**INSTRUCTIONS TO FOLLOW**
Print the listing below a second time, exactly, and omit its images.

* * * *

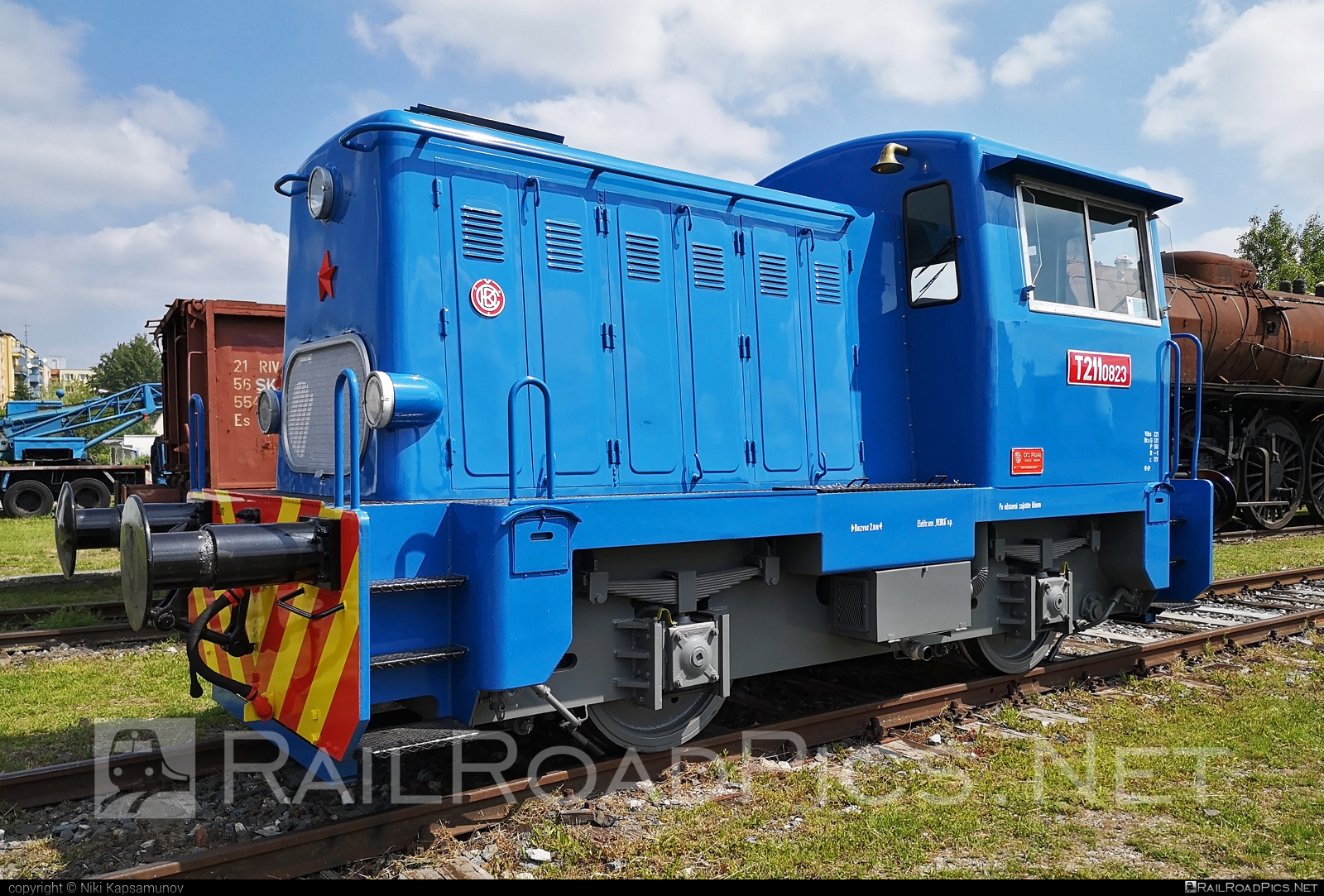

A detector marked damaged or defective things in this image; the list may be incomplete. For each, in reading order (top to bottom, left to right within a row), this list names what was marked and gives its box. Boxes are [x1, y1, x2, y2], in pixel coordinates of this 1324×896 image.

rusty metal surface [151, 304, 283, 492]
rusty freight wagon [150, 300, 285, 495]
rusty metal surface [1165, 247, 1324, 383]
rusty steam locomotive [1170, 251, 1324, 526]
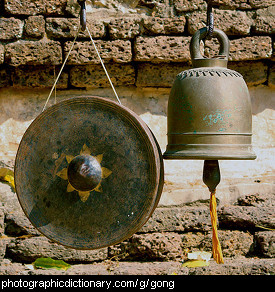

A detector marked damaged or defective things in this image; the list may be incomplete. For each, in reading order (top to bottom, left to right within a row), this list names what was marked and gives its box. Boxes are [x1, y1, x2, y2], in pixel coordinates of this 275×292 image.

rusty metal surface [14, 95, 164, 249]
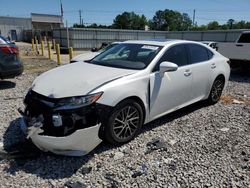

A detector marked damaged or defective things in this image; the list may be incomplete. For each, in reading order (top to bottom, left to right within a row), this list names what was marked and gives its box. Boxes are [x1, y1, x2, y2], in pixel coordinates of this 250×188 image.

crushed hood [32, 62, 137, 98]
cracked headlight [55, 91, 103, 109]
broken bumper [19, 118, 101, 156]
damaged front end [19, 89, 109, 156]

* * * *

**EXERCISE SOLUTION**
A detector marked damaged or defective things in this image; the list may be incomplete. For each, in reading order (top to bottom, left to right within a row), this list names what was marked and gives its box. Boxes are [x1, y1, x2, y2], in pixel coordinates of this 1324×896 image.

rusty metal surface [151, 304, 283, 492]
rusty freight wagon [150, 300, 285, 495]
rusty metal surface [1165, 247, 1324, 383]
rusty steam locomotive [1170, 251, 1324, 526]

A detector marked damaged or defective things in this image; the list may be incomplete. For each, in reading order (top to bottom, left to right within a row), this list names what was marked and gives its box. Boxes are [x1, y1, x2, y2], in pixel coordinates of this 275×292 image.

rusty metal surface [14, 95, 164, 249]

A detector marked damaged or defective things in this image; the list may be incomplete. For each, in reading order (top to bottom, left to right within a row), this list names what was marked and gives its box. Boxes are [x1, y1, x2, y2], in pixel coordinates of this 250×188 image.

crushed hood [32, 62, 137, 98]
cracked headlight [55, 91, 103, 109]
broken bumper [19, 118, 101, 156]
damaged front end [19, 89, 109, 156]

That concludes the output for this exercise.